Late last month, Johann and I closed on our very first home! Only instead of “home,” it’s also an investment property, a three-flat (three unit) building with tenants currently renting all units in a suburb of Chicago. It’s a giant white building, so to distinguish between it and the apartment where we’re living now, we call it the “White House.”

Our mortgage requires that we move into the building within sixty days and live there for a year. We already gave the first floor tenants notice to leave so we can comply with the mortgage. It was HARD! As a lawyer, I know the type of notice we should give to protect ourselves and why partial deposit refunds can create issues.
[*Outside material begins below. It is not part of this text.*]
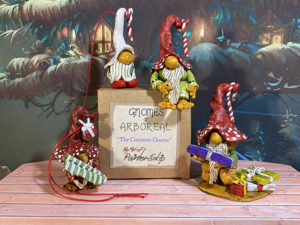 four xmas gnome figurines and gift box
As a human being, I understand it’s a difficult time of year (between Thanksgiving and Christmas) to be apartment hunting and why having some portion of a security deposit refunded could make moving out and life in general a little easier. We asked our lender to extend our move-in date by a month as an exception to avoid the holiday season and received a hard no, so I was thankful the tenant was understanding. We also compromised with the tenants to help make the move a little easier. I’ve spent a lot of years being frustrated with landlord issues, so it’s an eye-opener to be a landlord myself!

All that said, we are eager to get into the basement and first floor so we can start updates and renovations. We are fortunate Johann owns a construction company and can do a lot of the work himself or with the help of family. (I call it fortunate; he calls it good planning, haha.) Of course, unpaid work for ourselves is much slower than paid work for clients! I plan to do a Before & After series of posts, but since we can’t get into any of the units while they’re being rented, here’s a photo of us in the very, very unfinished basement:


That plant was a housewarming gift from Johann to me. Isn’t it sweet?!

Can I just say how weird it feels that our first home will only be a temporary home? And that we know it’s only temporary before we even get started? Still, it’s exciting to be making an investment in our future.